## What the task requires
Read the data, and whenever a line holds the word "Sleeve", report that line.

━━━ Supplied data ━━━

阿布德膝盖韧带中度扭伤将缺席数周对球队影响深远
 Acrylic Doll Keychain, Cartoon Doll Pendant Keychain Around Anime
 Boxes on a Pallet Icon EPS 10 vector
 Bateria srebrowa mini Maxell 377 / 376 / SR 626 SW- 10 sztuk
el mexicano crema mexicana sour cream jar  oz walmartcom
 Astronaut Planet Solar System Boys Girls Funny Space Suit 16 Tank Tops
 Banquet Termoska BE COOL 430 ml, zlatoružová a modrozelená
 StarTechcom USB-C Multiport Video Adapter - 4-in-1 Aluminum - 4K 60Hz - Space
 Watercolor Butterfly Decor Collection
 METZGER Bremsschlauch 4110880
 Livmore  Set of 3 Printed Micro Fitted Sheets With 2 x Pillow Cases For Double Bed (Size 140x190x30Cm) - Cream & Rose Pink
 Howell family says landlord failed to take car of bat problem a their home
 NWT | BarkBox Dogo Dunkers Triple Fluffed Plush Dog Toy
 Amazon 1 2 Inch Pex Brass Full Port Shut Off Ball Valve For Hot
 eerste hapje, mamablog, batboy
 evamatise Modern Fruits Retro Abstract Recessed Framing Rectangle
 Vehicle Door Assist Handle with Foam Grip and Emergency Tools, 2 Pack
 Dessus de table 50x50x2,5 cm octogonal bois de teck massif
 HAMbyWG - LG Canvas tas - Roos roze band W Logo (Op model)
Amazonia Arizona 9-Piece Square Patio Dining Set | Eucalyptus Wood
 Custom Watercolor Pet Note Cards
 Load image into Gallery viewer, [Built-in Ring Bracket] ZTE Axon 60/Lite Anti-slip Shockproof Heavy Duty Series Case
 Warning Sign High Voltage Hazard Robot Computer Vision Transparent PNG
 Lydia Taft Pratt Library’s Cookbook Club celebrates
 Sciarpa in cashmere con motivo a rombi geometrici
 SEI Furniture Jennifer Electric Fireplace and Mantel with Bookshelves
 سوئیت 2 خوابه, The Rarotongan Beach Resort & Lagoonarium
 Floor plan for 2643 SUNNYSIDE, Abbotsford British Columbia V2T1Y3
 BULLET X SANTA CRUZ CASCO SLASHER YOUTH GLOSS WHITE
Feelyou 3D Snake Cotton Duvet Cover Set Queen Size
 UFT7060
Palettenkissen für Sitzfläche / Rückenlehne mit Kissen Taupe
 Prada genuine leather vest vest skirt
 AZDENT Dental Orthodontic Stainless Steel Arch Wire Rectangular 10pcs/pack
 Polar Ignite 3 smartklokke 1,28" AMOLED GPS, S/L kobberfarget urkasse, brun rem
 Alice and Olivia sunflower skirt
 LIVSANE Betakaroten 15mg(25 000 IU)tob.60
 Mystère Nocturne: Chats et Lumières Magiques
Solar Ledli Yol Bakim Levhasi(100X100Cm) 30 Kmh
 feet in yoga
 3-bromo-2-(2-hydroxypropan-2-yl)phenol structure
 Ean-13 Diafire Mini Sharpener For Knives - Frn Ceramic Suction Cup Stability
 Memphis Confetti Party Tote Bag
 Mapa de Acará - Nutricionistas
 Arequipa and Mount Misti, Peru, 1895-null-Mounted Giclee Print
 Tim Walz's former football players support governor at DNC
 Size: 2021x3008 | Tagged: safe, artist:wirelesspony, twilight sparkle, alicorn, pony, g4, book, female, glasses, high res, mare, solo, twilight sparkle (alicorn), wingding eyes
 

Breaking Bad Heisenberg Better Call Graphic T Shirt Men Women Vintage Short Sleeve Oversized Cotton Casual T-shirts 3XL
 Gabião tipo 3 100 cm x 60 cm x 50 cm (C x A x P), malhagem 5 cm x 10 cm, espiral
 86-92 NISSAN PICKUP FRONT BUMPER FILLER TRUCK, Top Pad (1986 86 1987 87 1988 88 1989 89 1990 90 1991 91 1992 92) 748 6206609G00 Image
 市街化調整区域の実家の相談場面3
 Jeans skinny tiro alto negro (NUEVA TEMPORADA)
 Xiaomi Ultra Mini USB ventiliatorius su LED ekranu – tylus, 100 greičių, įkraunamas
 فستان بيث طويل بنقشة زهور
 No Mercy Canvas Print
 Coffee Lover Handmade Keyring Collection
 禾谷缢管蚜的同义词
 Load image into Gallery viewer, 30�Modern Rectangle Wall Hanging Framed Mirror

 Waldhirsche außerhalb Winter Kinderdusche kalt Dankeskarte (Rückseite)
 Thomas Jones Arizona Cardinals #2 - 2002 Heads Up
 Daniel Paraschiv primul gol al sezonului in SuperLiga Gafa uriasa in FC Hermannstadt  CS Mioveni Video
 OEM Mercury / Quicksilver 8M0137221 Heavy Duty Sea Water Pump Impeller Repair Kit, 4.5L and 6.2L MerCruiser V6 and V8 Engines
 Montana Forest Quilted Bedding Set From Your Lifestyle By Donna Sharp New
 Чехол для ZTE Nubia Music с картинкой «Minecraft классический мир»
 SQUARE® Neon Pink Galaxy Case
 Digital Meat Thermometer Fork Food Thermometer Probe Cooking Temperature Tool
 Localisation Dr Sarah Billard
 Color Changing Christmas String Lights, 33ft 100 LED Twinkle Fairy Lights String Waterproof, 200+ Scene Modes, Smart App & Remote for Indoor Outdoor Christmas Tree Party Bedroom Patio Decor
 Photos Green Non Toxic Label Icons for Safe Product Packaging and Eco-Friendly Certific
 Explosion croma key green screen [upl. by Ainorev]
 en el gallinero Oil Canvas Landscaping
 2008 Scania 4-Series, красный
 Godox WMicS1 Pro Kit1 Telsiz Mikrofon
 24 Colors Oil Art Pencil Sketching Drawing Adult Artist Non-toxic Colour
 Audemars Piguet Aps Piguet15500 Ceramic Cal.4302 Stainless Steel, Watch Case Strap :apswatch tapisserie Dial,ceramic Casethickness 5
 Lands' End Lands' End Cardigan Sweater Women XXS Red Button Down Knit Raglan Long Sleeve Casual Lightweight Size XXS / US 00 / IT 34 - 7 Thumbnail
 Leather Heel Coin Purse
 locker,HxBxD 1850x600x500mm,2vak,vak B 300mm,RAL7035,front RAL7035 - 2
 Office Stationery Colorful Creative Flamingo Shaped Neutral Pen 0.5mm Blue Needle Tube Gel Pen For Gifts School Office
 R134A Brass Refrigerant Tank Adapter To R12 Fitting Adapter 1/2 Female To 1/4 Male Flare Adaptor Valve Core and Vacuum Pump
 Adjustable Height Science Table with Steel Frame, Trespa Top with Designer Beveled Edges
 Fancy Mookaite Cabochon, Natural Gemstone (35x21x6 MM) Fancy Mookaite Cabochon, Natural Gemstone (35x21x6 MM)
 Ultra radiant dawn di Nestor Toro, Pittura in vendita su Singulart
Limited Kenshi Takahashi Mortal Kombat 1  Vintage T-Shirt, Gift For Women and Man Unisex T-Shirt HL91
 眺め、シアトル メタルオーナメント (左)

━━━

## Task answer
Breaking Bad Heisenberg Better Call Graphic T Shirt Men Women Vintage Short Sleeve Oversized Cotton Casual T-shirts 3XL
 Lands' End Lands' End Cardigan Sweater Women XXS Red Button Down Knit Raglan Long Sleeve Casual Lightweight Size XXS / US 00 / IT 34 - 7 Thumbnail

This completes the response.